Figure 9.24 Intercom belt pack and an intercom headset.

1. Prerecorded sound allows for near perfect synchronization of the technical aspects of the spectacle, offering the ability to link sound, lights, camera movement, and other enhancements.
2. Prerecorded sound ensures optimal quality for television, allowing for stereophonic sound (stadium spectators only hear monophonic sound), as well as mixed enhancements.
3. Prerecorded sound allows a better experience or sense of proximity to the event for television viewers. For both television and stadium spectators, prerecorded sound also can direct attention to specific events happening in a very large stadium in a way that live sound cannot.

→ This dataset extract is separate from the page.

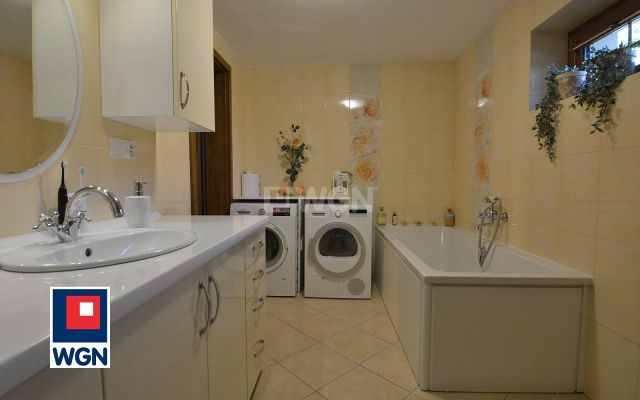 dom wolnostojący, 9 pokoi Stegna, ul. Gdańska. Zdjęcie 11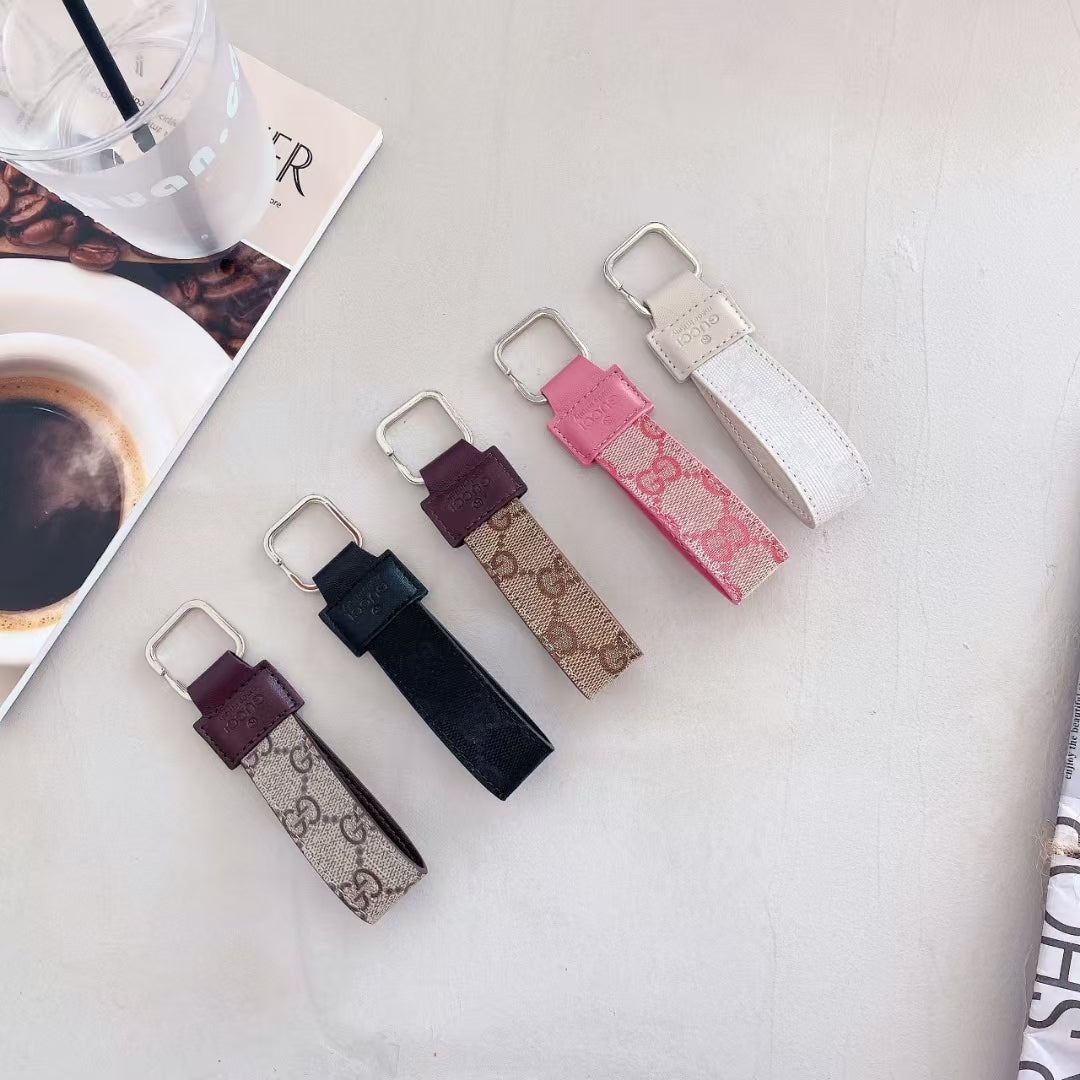Gucci Keychains Luxury Limited Edition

4. Unforeseen weather conditions, such as the rain or the wind, do not affect the prerecording but can affect live music leading to irreparable distortions in a live broadcast.
5. Unforeseen noises, such as friction between the microphone and the actors’ clothes, movements of the announcers in respect to the microphone, or various feedback effects, can be avoided.
6. The use of prerecorded sound can be more comfortable for the performers in the stadium, especially for the opera singers, some of who, in fact, preferred that their music be prerecorded.
7. There were also several microphones strategically placed in the stadium in order to pick up spontaneous sound during the event, in the form of applause, booing, and cheering.